I announced in my last post that I am going to be posting excerpts from my new book, Vegetarian to Vegan, here on the blog. I have received feedback from publishers who want to represent me that people do not want to see disturbing photos from factory farms, and they recommend I take the animal section out, or dramatically reduce it and make it less horrifying – certainly no disturbing photos!
However, I have turned down these offers, because I strongly disagree. Many vegetarians are truly looking for the motivation to finally give up dairy and eggs, and most people I know who went vegan rather effortlessly did so because of some disturbing statistic, story, quote, photo or video.
I did an incredible amount of research for this book (most of the animal section information came from veterinarian journals) to uncover details that are specific to dairy cows and egg-laying hens that I have never seen discussed in any other vegan book before (Perhaps the other authors’ publishers convinced them to take it all out?) I really believe that it this new and detailed information that will finally convince many vegetarians to finally give up dairy and eggs.
Therefore, while I agree that no one wants to be confronted with disturbing information, I believe that it’s necessary for people to see the reality if they really want to be motivated, and thus, it’s very important to keep this section in the book and not soften it up or take out photos.

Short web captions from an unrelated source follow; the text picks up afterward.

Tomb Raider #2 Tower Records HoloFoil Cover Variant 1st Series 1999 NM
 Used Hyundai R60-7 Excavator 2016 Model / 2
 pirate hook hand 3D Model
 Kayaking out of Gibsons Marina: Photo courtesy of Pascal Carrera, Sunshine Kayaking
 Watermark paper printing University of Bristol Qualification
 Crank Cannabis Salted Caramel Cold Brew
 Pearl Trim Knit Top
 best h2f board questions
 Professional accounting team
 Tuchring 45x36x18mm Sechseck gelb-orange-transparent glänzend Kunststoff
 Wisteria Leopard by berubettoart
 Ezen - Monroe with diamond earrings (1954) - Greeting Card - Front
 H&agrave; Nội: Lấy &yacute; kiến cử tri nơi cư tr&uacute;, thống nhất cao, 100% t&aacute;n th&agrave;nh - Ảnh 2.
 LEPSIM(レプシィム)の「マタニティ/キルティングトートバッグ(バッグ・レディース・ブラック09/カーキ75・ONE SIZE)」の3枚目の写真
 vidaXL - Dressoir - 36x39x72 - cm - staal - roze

Vegetarian to Vegan will cover many topics you may not have heard that dairy cows and laying hens suffer from – everything from bovine leukemia virus to cage layer osteoporosis. Here is an excerpt about mastitis, a very common condition that dairy cows suffer from greatly. I had heard about mastitis before, but didn’t understand how it occurred or how prevalent it was. See if you learn something new too… and let me know if you think I should leave it in the manuscript or take it out!
Dairy cows on a factory farm are not milked by hand, as in years past. Instead, they are hooked up to automated milking machines several times a day, and the machines squeeze milk out of the cows’ teats. This mechanized process can cause many problems, including cuts, injuries, electric shock and infection. The most common condition that arises from mechanized milking machines is an infection of the udders called mastitis. Mastitis is a potentially fatal infection of the mammary glands that can be incredibly painful, and is a major cause of early slaughter.
Cows have two natural defense mechanisms to help them avoid mastitis: The first way that cows ward off mastitis is through sphincter muscles in the teat that close when the cow is not being milked. These muscles close off the teat so that bacteria cannot make their way up into the mammary glands. The second way that cows naturally ward off mastitis is through the lining of the teat canal, which helps to protect the teat canal and keep bacteria from moving up it.
However, today’s mass-milking procedures degrade a cow’s teats by applying excess vacuum pressure to them, which results in calloused and distended teats. Scar tissue forms in the teat canal, which can make it difficult for milk to pass through the teat, causing milk to flow very slowly or not at all. These machines also degrade the sphincter muscles in the teats and damage the protective lining, making it easier for bacteria to move up the teats into the mammary glands. When bacteria infect mammary glands, this is the painful condition called mastitis.
Mastitis is a persistent, recurring problem that causes pus to appear in the cow’s milk. While cows can be given antibiotics to treat the condition, their milk is not sellable until nearly all traces of the antibiotic are gone. Therefore, because high levels of both pus and drug residues are not acceptable in the final milk product, mastitis is a common reason that cows are sent to the slaughterhouse. The USDA estimates that approximately 43% of all factory farm dairy cows suffer from mastitis.